On Friday I shared some thoughts in connection with a paper that I will be presenting on Civil War blogging at the upcoming meeting of the SCWH in New Orleans. Brooks Simpson’s latest post has given me a bit more to chew on in connection with this paper. His post is a brief response to Michael Aubrecht who recently offered some revealing commentary concerning Brooks’s decision to share his OAH comments as a 3-part post. While Aubrecht hopes not to be misunderstood, Brooks rightfully pins this as a first-rate example of the anti-intellectualism that pervades sections of the Civil War community. I quote at length as this blogger has a tendency to take posts down after being challenged:
Many of these conferences and seminars can sometimes come off as being a bit elitist and arrogant. Sometimes people who participate in these events echo that sentiment in their comments. (Ironically, most of the best rangers, guides, speakers, authors, filmmakers, re-enactors, and all around buffs that I know are anything but ‘academics’ and have zero pedigrees to boot.)
I guess my confusion lies in why do these history teachers feel the need to hold these conventions and sit around discussing the state of anything? What has changed so drastically in the last 140+ years in the presentation of the War Between the States? And what exactly defines scholarship? To me it represents an expertise that is earned by the study and examination of a subject. So, do you have to be an academic to accomplish this? Is there any more (or less) expertise sitting at a roundtable in a symposium, or around a campfire at a re-enactment?
Perhaps questioning and challenging everything that has come before them gives this generation of professors the feeling that they too are contributing something to the legacy of the subject matter. Still, other teachers don’t do this. I’m not aware of any Science or English instructors holding conferences to discuss the state of their subjects.
I guess my issue is that they always appear so negative to me, preaching the idea that everyone else is ignorant and wrong. I am also bothered by the tendency they have to try and tear people down. These are the people that say things like "Yeah Robert E. Lee was great, but not nearly as great as you think and here are the reasons why." What real purpose does that serve?
Notice that there is not one word in response to Brooks’s post. Brooks took the initiative to share his remarks in hopes of generating a discussion or thought in the reader and all that Aubrecht can do is go off on an utterly incoherent rant. Has he ever been to an academic conference? Does he have any basis for making any kind of judgment at all about what takes place or is discussed? Is he aware that a significant percentage of OAH members are high school teachers who are looking to advance their knowledge of history or that you can almost always find an NPS historian in the audience or presenting a paper? Do we really have to explain how the study of the Civil War has changed since 1865? This is a truly remarkable statement. Is he not aware that every intellectual discipline holds conventions and conferences along the lines of the OAH and AHA? I don’t know whether to be disgusted or embarrassed for this guy. Perhaps both.

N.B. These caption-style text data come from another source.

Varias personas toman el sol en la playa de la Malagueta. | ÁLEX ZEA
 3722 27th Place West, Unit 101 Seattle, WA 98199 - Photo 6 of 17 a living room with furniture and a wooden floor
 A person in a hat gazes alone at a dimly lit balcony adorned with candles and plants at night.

In the end, however, Aubrecht’s post is very useful. Again, I find it telling that his first reaction is not to respond to Brooks’s thought-provoking post, but to latch onto the fact that the content was presented at an academic conference. Does Aubrecht have any thoughts at all about Brooks’s post? Why not take the time to think about it and offer a constructive response? That last highlighted passage above sums it up nicely, which is the perception that analysis is to be understood as "negative", "preaching", and meant to point out the mistakes of others. At its worst, the passage could be understood as implying that there should be no questioning or criticism whatsoever in the world of Civil War studies.
What is unfortunate is that it seems that most of the comments in his post are a function of a lack of understanding of what goes into historical scholarship. The implicit assumption is that all historical writing is story-telling rather than analysis; the writer collects a bunch of sources and than fashions a story out of it. As we all know there are plenty of deeply-ingrained stories that are held as sacred by many. Rather than see historical scholarship as trying to further our understanding many cannot but interpret it as a personal attack and this is unfortunate. Aubrecht is right about one thing and that is there is a gulf between academic historians and sections of the general public. But how does this post move towards any type of understanding as opposed to driving a wedge between the two? Not only does his post accomplish this latter goal, but it does so in the worst way possible through hyperbole and utter ignorance.
I like to think that what Brooks Simpson, Ethan Rafuse, and Mark Grimsley have done with Civil Warriors is try to make their world a bit more transparent for those of us who do not operate in the academic community. I’ve learned a great deal from all three and I appreciate the way they’ve forced me to think about various aspects of American history. In the end, the goal must be to understand more and to understand better.